The Series on Christianity vs. Capitalism Continues

I just wrapped up a new chapter — a BIG chapter — on my Christianity vs. Capitalism series. This is some serious “inside baseball” for Christians debating the merits of Pope Francis’ anti-capitalist pronouncements. Casual and non Christians might want to stick with the summary, which is this:

The Old Testament has many promises of material rewards for the faithful. The New Testament has many admonitions against seeking riches. The two themes might be connected in a subtle manner. Suppose the Pharisees of yore treated promises of Divine Providence as nearly identical to karma. The logical conclusion is that the poor and unlucky are poor and unlucky because of sin, and that the rich and powerful are enjoying their wealth and power by virtue of their righteousness.

Perhaps Jesus was berating the wealth-seeking (and having) Pharisees for this incorrect view and the resulting hardness of heart.

Karma vs. Christianity is a lengthy meditation of such matters. I explore how the Old Testament picture of Divine Providence differs from karma and thus the Pharisees were accountable for their theonomical error they believed otherwise.
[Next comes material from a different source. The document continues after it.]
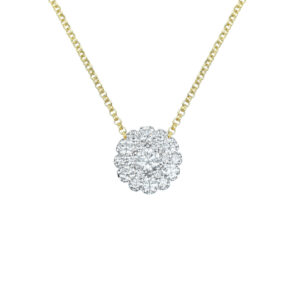 HALSSMYKKE MED DIAMANTER 0,53CT MED KJEDE GULTGULL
This meditation may be also useful for Christians wondering whether it is moral to practice capitalism. It is also a partial admonition against the opposite: the Prosperity Gospel.
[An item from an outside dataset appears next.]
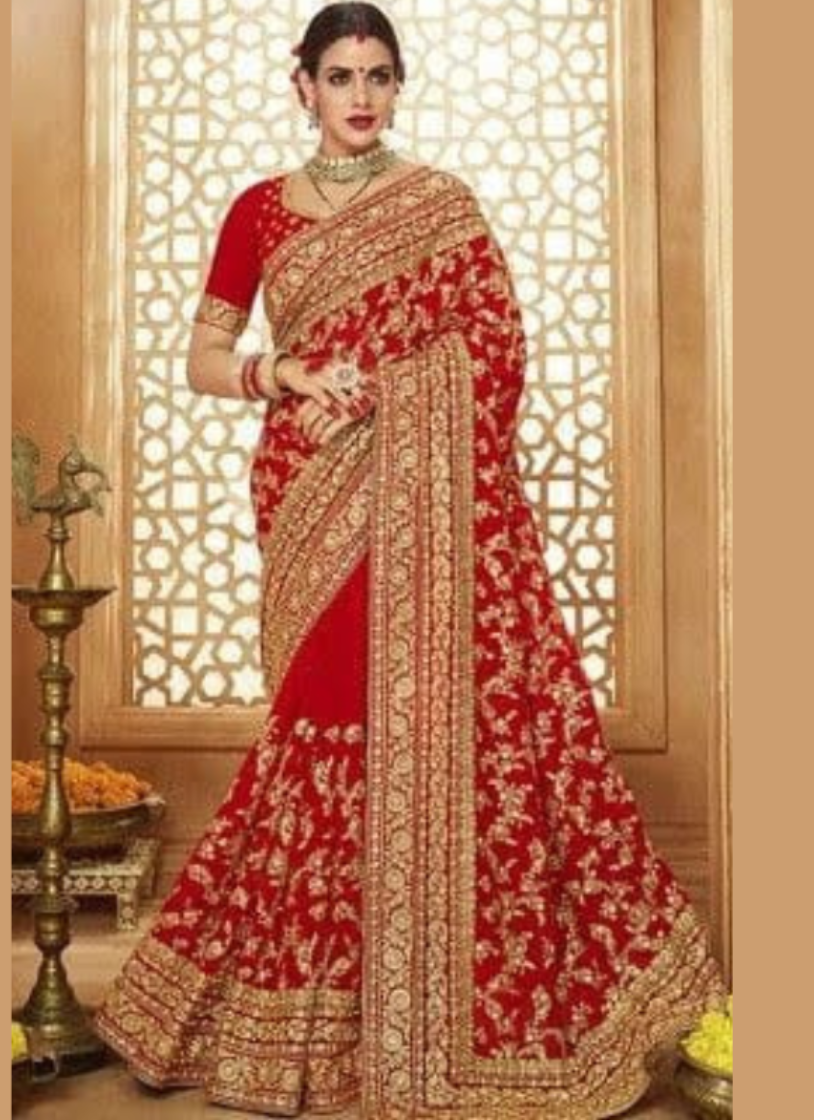 এক্সক্লুসিভ ইন্ডিয়ান ওয়েটলেস জর্জেট লাল এমব্রয়ডারি করা পার্টি শাড়ি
Ah, subtleties…I wonder if I am wasting my time getting subtle on a web site. Maybe with tablet computers long reads of Internet materials are now feasible. But maybe this should be a book…



Religious Right or Left?

With Pope Francis making lefty pronouncements on a fairly regular basis, it’s worthwhile to review what the Bible has to say on the matter. On the static site, I have a new 2000+ word article on Capitalism vs. Biblical Law. The Old Testament Law is rather more lefty than most people give it credit for, but it is not an endorsement of modern socialism. So I take both libertarian Christians and the Religious Left to task a bit.

Of course, the Law of Moses applied to the Holy Land — a particular place and set of circumstances. The ancient Hebrews had witnessed miracles firsthand, and were given a special mission to be a lesson to the rest of the world.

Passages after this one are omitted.